À partir de cette date et bien que le préfet et le conseil municipal ne fussent pas dans un parfait accord, la lutte ouverte cessa et l’on atteignit l’armistice du 29 janvier 1871 sans événement notable. La nouvelle de la capitulation de Paris fut accueillie bien diversement à Lyon. Toutefois, la grande majorité désirait la paix, dont les préliminaires furent votés par l’Assemblée le 1er mars 1871. Deux jours plus tard, en vertu d’une délibération municipale, le drapeau tricolore remplaçait à l’hôtel de ville le drapeau rouge qui y flottait depuis le 24 septembre 1870..
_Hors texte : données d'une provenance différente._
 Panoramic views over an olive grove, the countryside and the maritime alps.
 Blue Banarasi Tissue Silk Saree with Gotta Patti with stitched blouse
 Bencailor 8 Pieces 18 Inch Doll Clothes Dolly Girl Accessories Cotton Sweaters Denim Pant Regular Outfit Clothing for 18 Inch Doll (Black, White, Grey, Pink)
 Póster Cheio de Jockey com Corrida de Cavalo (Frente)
Les tendances monarchiques de l’Assemblée s’étant nettement révélées dès ses premières séances, une insurrection formidable éclata à Paris le 18 mars. Cette insurrection eut encore son contre-coup à Lyon. Le 23 mars, une sédition éclata et des bataillons de la Guillotière s’emparèrent de l’hôtel de ville, où la Commune fut proclamée et où s’installa un comité démocratique. Mais, dès le 25, la garde nationale se soulevait contre le comité, dont les membres étaient contraints de fuir, et délivrait le préfet Valentin, qui avait été fait prisonnier. Peu de jours après, le conseil municipal envoyait à l’Assemblée nationale une adresse pour lui demander de reconnaître à Paris le droit de s’administrer et de déclarer qu’aussitôt son mandat rempli par la conclusion définitive de la paix, elle convoquerait une Constituante.

Le 30 avril suivant, jour des élections municipales, une nouvelle insurrection éclata à la Guillotière ; mais elle fut bientôt réprimée grâce à l’énergie déployée par le préfet Valentin, qui paya de sa personne et reçut un coup de feu, et à l’attitude non moins courageuse du procureur de la république, Andrieux.
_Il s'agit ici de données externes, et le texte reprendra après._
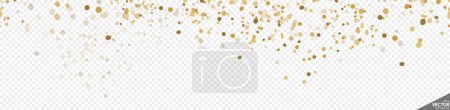 Illustration for Eps illustration seamless background with golden colored confetti for party time concepts with transparency effect in vector file - Royalty Free Image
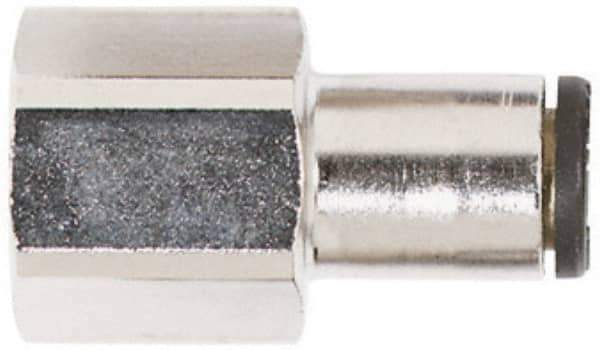 Coilhose Pneumatics - 1/4" OD, 1/8 NPT, Glass Reinforced Nylon/Nickel Plated Brass Push-to-Connect Female Connector - 225 Max psi - Exact Tool & Supply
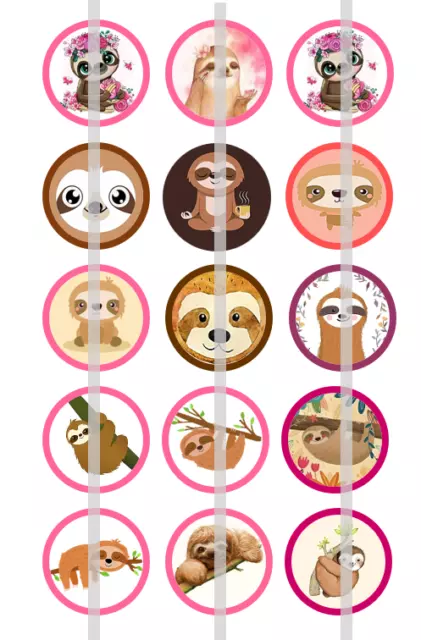 Sloth Animal Character Jungle Animal 1-inch Pre-Cut Bottle Cap Images Set of 15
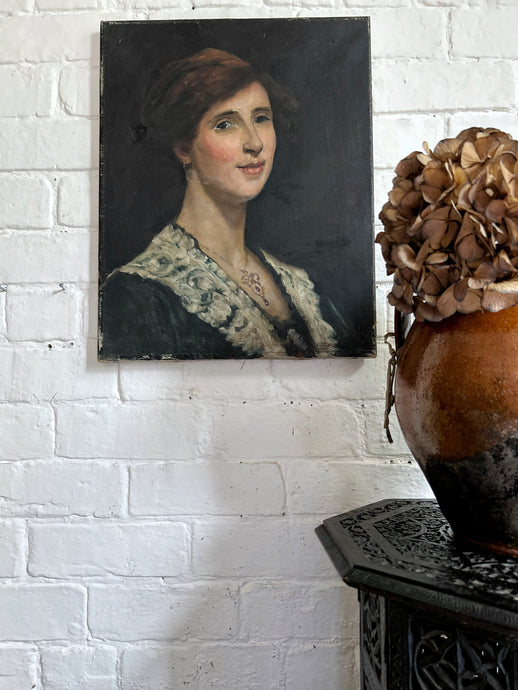 French 19th Century antique dark portrait oil painting on canvas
Le conseil municipal qui venait d’être élu était entièrement composé de membres républicains. Il rétablit l’octroi, vota 20,000 francs pour la fête des Écoles, qui eut lieu le 15 août, et supprima l’enseignement religieux dans les écoles communales. Cette dernière mesure, annulée comme constituant une violation de la loi, attira à la municipalité lyonnaise la haine des cléricaux, qui ne devaient pas tarder à la renverser. Grâce à leur pression, le préfet républicain, M. Valentin, fut remplacé le 24 janvier par un préfet monarchiste, M. Pascal, et à partir de ce moment l’administration préfectorale et l’administration municipale furent presque constamment en lutte. Cette lutte s’accentua encore après la nomination, comme maire, de M. Barodet, qui succéda, le 23 avril 1872, à M. Hénon, décédé. Elle avait principalement pour objet la question de l’enseignement. Le conseil municipal s’était prononcé pour l’enseignement laïque et avait péremptoirement refusé de subventionner les écoles congréganistes. Le préfet, M. Pascal, cassa les délibérations du conseil, qui en appela au conseil d’État et persévéra dans ses délibérations, dont il ne fut tenu aucun compte.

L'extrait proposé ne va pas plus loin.